I'm using the library Cloudant in order to gather documents from a Cloudant Database. Everytime I run the python script I get all the documents but I would like to retrieve only the documents added from the last execution of the script, in other words a get_changes function.

I have searched for an answer but it not seems to be easely to find.

Thaks for any help,

Filippo.


Solution

  • Use the changes() method. Keep track of the last sequence id, and restart from there to retrieve only the unseen changes.

    # Iterate over a "normal" _changes feed
    changes = db.changes()
    for change in changes:
        print(change)
    
    # ...time passes
    new_changes = db.changes(since=changes.last_seq)
    for new_change in new_changes:
        print(new_change)
    

    If you also want the doc body, you can pass include_docs=True.
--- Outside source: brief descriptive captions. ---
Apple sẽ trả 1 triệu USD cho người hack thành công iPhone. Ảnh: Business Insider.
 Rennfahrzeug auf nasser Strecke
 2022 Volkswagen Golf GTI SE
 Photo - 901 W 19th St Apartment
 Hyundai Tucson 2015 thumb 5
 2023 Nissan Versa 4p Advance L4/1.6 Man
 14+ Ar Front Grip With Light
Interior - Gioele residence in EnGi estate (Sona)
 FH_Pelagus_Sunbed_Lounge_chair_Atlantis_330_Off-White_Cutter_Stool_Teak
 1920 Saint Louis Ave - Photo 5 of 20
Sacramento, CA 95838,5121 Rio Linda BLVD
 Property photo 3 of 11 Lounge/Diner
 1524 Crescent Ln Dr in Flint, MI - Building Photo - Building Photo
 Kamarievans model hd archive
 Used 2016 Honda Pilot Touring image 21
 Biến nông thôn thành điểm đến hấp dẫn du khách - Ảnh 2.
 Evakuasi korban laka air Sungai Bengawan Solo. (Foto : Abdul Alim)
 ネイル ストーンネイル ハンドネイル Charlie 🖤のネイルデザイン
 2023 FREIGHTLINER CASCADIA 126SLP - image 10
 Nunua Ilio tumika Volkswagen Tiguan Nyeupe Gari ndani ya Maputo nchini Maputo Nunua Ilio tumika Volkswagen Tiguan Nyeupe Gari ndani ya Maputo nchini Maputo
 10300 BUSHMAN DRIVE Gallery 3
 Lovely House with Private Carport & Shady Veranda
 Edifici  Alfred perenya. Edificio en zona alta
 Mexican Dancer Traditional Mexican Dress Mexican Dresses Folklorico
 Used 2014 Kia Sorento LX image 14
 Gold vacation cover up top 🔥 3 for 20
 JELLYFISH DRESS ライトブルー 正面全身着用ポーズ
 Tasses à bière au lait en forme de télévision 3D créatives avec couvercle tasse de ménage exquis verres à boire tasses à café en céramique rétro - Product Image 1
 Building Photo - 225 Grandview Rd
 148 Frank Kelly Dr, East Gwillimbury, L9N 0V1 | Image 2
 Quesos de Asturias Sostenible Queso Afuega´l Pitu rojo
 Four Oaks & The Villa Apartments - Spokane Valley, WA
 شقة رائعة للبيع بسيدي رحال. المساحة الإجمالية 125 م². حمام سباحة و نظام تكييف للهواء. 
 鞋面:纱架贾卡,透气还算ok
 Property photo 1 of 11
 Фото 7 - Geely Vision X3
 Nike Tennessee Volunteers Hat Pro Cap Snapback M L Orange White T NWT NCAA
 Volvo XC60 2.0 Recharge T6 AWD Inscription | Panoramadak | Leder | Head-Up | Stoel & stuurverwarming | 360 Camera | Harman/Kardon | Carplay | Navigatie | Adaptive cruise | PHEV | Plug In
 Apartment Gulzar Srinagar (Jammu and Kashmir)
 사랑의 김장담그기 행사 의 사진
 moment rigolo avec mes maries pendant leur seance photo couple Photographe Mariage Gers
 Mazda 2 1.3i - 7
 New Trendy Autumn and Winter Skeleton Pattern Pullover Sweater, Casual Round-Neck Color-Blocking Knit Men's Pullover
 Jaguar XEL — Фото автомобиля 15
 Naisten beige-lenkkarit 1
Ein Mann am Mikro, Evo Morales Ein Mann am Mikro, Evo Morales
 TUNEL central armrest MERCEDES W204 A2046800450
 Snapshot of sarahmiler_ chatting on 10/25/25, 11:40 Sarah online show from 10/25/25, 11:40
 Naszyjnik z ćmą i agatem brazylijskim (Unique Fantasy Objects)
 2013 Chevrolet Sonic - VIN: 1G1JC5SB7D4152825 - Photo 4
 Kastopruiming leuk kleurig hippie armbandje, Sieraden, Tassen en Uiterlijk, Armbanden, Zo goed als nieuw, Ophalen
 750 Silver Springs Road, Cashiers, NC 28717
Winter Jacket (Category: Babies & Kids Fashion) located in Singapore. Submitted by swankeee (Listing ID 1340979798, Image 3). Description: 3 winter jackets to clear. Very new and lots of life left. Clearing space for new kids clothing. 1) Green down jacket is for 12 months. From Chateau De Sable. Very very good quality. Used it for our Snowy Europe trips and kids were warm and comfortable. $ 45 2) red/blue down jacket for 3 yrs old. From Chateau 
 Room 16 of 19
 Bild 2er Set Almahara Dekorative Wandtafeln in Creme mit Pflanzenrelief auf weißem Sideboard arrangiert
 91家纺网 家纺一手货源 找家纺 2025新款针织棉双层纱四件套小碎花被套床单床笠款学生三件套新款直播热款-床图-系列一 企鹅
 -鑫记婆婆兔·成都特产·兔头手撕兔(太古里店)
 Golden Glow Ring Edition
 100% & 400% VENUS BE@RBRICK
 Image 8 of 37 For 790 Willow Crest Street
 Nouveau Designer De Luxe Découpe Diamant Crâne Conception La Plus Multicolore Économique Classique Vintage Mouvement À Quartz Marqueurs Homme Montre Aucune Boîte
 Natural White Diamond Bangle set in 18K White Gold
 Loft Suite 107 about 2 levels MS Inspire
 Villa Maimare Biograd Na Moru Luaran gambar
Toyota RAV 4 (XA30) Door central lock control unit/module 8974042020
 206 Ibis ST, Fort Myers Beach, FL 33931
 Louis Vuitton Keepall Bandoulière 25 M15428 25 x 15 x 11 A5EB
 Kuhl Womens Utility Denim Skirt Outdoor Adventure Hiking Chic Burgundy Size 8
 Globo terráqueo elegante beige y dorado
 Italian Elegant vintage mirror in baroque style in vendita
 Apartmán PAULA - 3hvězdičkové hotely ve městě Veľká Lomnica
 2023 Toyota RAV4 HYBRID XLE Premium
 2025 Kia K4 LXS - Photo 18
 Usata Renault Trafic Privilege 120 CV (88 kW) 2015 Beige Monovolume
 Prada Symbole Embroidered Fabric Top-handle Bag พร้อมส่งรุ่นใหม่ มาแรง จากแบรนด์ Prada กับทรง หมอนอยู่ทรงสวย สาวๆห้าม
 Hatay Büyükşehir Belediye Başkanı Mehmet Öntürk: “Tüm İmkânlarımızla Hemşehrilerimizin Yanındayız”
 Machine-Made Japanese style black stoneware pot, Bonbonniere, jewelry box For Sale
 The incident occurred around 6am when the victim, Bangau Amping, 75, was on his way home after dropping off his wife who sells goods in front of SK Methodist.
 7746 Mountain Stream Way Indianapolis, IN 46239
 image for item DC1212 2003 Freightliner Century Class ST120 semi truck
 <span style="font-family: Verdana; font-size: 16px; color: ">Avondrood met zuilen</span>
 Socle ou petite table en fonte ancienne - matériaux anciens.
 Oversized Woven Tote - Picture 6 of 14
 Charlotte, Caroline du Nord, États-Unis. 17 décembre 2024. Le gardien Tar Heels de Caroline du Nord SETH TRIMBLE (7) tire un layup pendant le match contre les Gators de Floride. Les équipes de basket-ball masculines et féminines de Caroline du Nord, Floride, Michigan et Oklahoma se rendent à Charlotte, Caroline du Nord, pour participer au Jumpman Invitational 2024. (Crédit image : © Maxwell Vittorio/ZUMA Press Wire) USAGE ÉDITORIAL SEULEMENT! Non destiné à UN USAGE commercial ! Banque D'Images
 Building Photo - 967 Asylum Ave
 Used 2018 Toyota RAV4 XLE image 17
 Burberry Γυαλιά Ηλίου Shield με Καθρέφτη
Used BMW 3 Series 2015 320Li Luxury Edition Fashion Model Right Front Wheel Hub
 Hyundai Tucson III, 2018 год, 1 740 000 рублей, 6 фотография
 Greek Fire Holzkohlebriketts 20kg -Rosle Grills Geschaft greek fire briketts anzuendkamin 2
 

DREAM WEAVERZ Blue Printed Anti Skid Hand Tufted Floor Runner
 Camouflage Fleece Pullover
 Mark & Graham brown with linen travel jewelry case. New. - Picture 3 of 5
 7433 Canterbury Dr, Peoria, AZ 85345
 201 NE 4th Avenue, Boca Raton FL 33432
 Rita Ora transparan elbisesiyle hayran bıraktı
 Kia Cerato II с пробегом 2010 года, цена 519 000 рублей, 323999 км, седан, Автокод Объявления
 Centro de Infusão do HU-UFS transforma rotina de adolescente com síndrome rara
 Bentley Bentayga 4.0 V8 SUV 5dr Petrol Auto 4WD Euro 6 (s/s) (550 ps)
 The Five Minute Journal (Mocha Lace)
    See https://github.com/cloudant/python-cloudant/blob/master/src/cloudant/database.py#L458

    If you want to capture only new additions (as opposed to all changes), you can either create a filter function in a db design doc along the lines of:

    function(doc, req) {
        // Skip deleted docs
        if (doc._deleted) {
            return false;
        }
        // Skip design docs
        if (doc._id.startsWith('_design')) {
            return false;
        }
    
        // Skip updates
        if (!doc._rev.startsWith('1-')) {
            return false;
        }
    
        return true;
    }
    

    and apply that to the changes feed:

    new_changes = db.changes(since=changes.last_seq, filter='myddoc/myfilter'):
        # do stuff here
    

    but probably as easy to simply get all the changes and filter in the Python code.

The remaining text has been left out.